M. Guy Penne a alors réitéré la demande formulée au nom des sénateurs représentant les Français établis hors de France pour être associés à la réflexion de fond sur l’organisation de l’AEFE. M. Charles Josselin a réservé un accueil favorable à ce souhait.
Le ministre délégué à la coopération et à la francophonie a alors jugé utile de mieux évaluer les dépenses liées à la reconstruction dans les Balkans. Revenant alors sur la mesure de régulation décidée cette année sur le budget du ministère des affaires étrangères, il a indiqué qu’elle avait porté à hauteur de 80 millions de francs sur les crédits de la DGCID et à hauteur de 30 millions de francs sur la coopération en matière de défense. Il a évoqué, par ailleurs, les lourdeurs des procédures de financement de l’Union européenne en matière d’aide au développement.

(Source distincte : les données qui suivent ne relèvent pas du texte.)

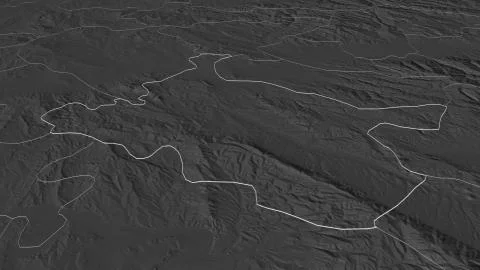 Tip, Macedonia. Bilevel elevation map with surface waters Stock Illustration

Il a noté à cet égard qu’il existait un reliquat d’un montant de 9,5 milliards d’euros non dépensés au titre du fonds européen de développement. Il a indiqué en outre qu’une évaluation du programme MEDA avait été demandée par la présidence française de l’Union européenne. Il a regretté enfin la rotation trop rapide des cadres de l’Union européenne chargés de la coopération.
M. Michel Charasse a souligné l’excessive concentration des décisions au niveau des instances communautaires bruxelloises. Il a déploré l’état d’esprit de certains fonctionnaires européens qui semblaient ignorer que la France était le principal contributeur du fonds européen de développement.

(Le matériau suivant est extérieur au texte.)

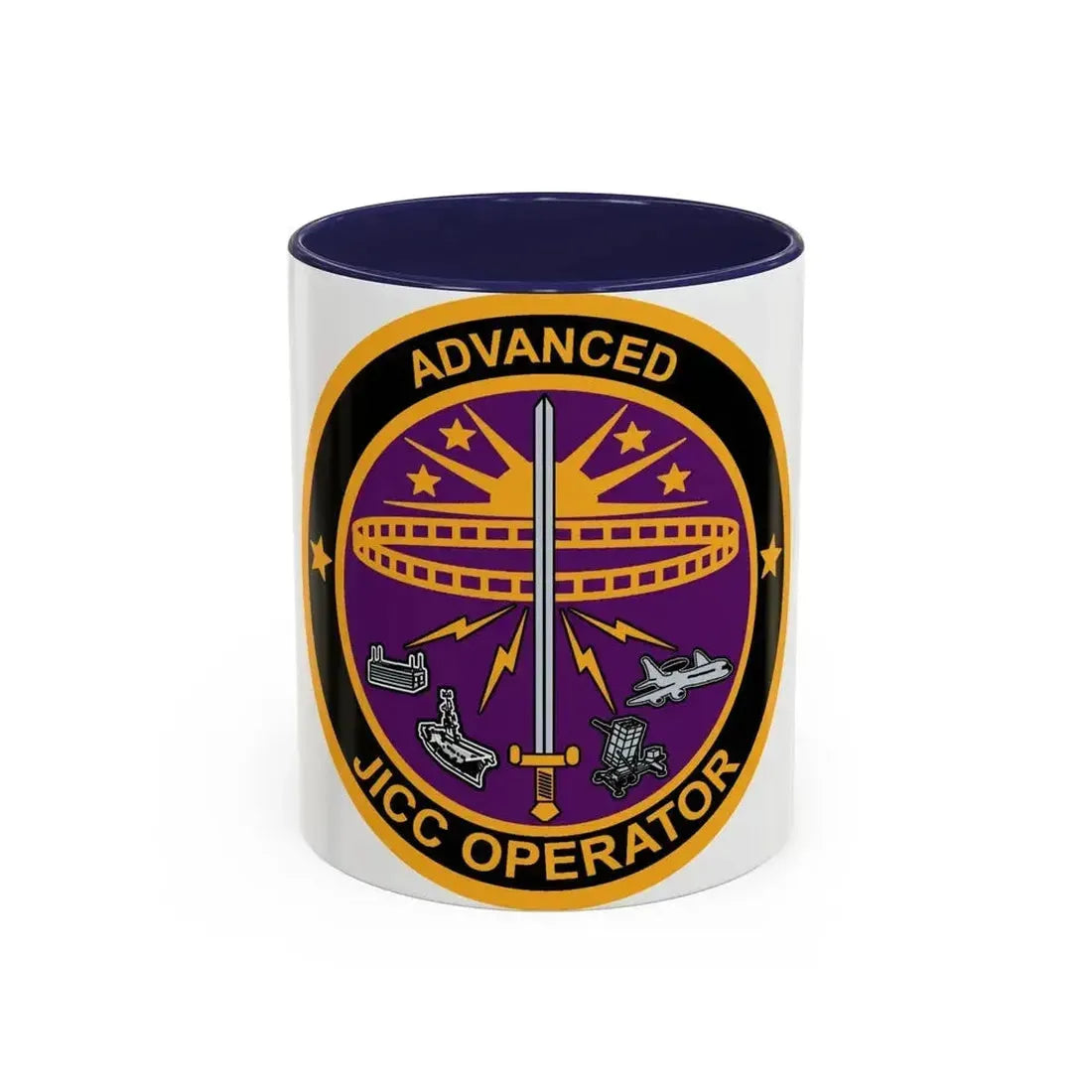 Advanced JICC Operator (U.S. Air Force) Accent Coffee Mug 11oz Navy - Go Mug Yourself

M. Charles Josselin a alors apporté les compléments de réponse suivants :
- la France continue de figurer au premier rang du groupe des sept pays les plus industrialisés pour l’aide publique au développement ; une connaissance approfondie de l’impact de cette aide apparaît cependant désormais indispensable ; de même l’action des ONG doit rester soumise à une évaluation vigilante ;
- l’information fournie aux représentants du Parlement au sein du comité stratégique du fonds de solidarité prioritaire pourrait être utilement complétée par des fiches projets qui permettraient une appréciation plus précise sur les actions conduites en matière d’aide au développement ;
- le budget du Haut conseil pour la coopération internationale a été simplement reconduit en 2001 ; le dialogue entre les pouvoirs publics et cette institution doit se poursuivre dans le souci de servir les objectifs de la coopération française ;
- la capacité d’investissement de la DGCID doit tenir compte du coût important que représente la construction d’un établissement scolaire (de l’ordre de 100 à 150 millions de francs) ; deux chantiers importants seront ouverts en 2001 pour les lycées français de Milan et de Moscou ; les établissements conventionnés et gérés par les parents d’élèves bénéficient pour leur part d’une subvention de l’ordre de 30 millions de francs ;
- les conditions de désignation du Haut commissaire pour les réfugiés tiennent compte de plusieurs facteurs parmi lesquels les contributions financières des différents Etats.
M. Xavier de Villepin, président, a souligné à ce propos qu’il conviendrait sans doute de prendre en considération d’autres aspects tels que la participation aux opérations de maintien de la paix pour lesquelles la France fournit un effort important.
M. Charles Josselin a conclu sur la situation de TV5 dont les conditions de diffusion sur le continent américain n’apparaissaient satisfaisantes ; il a indiqué à cet égard qu’une négociation s’ouvrirait très prochainement afin de définir une nouvelle répartition des responsabilités pour la diffusion de la chaîne dans cette partie du monde.